爬虫刷题-glidedsky

最近群里传的很火的一个爬虫练习网站.(网站做的非常走心, 支持一下.)

url : http://glidedsky.com/
在这里插入图片描述

做了几个题感觉非常有意思, 和大家交流分享一波.

第一题:

  • 这里有一个网站,里面有一些数字。把这些数字的总和,输入到答案框里面,即可通过本关. 这个咱就不说了, 把数据全都取出相加就可以通关了.

第二题:

  • 在第一题的基础上加了翻页.在code中加个链接迭代就行了.

第三题(IP 屏蔽):

  • 从这开始就有意思了.每个 IP,只能访问一次,之后就会被封禁。
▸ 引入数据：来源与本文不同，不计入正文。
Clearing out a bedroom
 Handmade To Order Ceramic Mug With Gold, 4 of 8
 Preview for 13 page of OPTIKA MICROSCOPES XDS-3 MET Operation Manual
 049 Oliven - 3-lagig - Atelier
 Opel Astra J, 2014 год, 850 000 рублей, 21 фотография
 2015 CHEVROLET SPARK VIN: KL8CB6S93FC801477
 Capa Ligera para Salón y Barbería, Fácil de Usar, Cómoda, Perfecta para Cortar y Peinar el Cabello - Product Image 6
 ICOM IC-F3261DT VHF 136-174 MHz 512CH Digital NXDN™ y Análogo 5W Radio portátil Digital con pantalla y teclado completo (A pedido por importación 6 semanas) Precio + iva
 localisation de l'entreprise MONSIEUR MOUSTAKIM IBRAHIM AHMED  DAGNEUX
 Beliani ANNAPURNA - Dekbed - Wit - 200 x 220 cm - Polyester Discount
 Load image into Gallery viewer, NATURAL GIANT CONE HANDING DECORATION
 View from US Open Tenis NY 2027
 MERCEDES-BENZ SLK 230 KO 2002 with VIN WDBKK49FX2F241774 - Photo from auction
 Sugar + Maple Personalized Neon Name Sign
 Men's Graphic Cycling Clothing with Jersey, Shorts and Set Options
一共1000页.也就是要最少1000个代理ip,
    因为没那么多ip咱就不做了.有条件的小伙伴可以选阿布云的动态ip.每次请求都是一个新的ip. 按照第二题的思路就可以搞定

第四题 (字体反爬):

在这里插入图片描述

  • 很明显可以看出从页面源码中得到的数据和实际在浏览器中看到的数字是不一样的.并且每次刷新页面源码中的数字都不同,
    说明font是动态加载的.

在这里插入图片描述

  • 源码中可以找到字体文件. 用base64解密保存成woff文件.再用fontcreator打开就可以看到他们的映射关系.
    直接上码.
import requests
import re
from lxml import etree
import base64
from fontTools.ttLib import TTFont



session = requests.session()
h = {
    'User-Agent': 'Mozilla/5.0 (Windows NT 10.0; Win64; x64) AppleWebKit/537.36 (KHTML, like Gecko) Chrome/77.0.3865.120 Safari/537.36',
}
login_url = "http://glidedsky.com/login"
session.headers = h
sum_number = 0
a_map = {
    'one': '1',
    'two': '2',
    'three': '3',
    'four': '4',
    'five': '5',
    'six': '6',
    'seven': '7',
    'eight': '8',
    'nine': '9',
    'zero': '0'
}


def get_token():
    resp = session.get(login_url)
    _token = re.search('<meta name="csrf-token" content="(.*?)">', resp.text).group(1)
    return _token


def login(token):
    data = {
        '_token': token,
        'email': '你的账号',
        'password': '你的密码'
    }
    session.post(login_url, data=data)


def get_html(url):
    result = session.get(url)
    return result.text


def parse_font(data):
    file_name = 'font'
    base = re.search(r'base64,(.*?)\)', data, re.S).group(1)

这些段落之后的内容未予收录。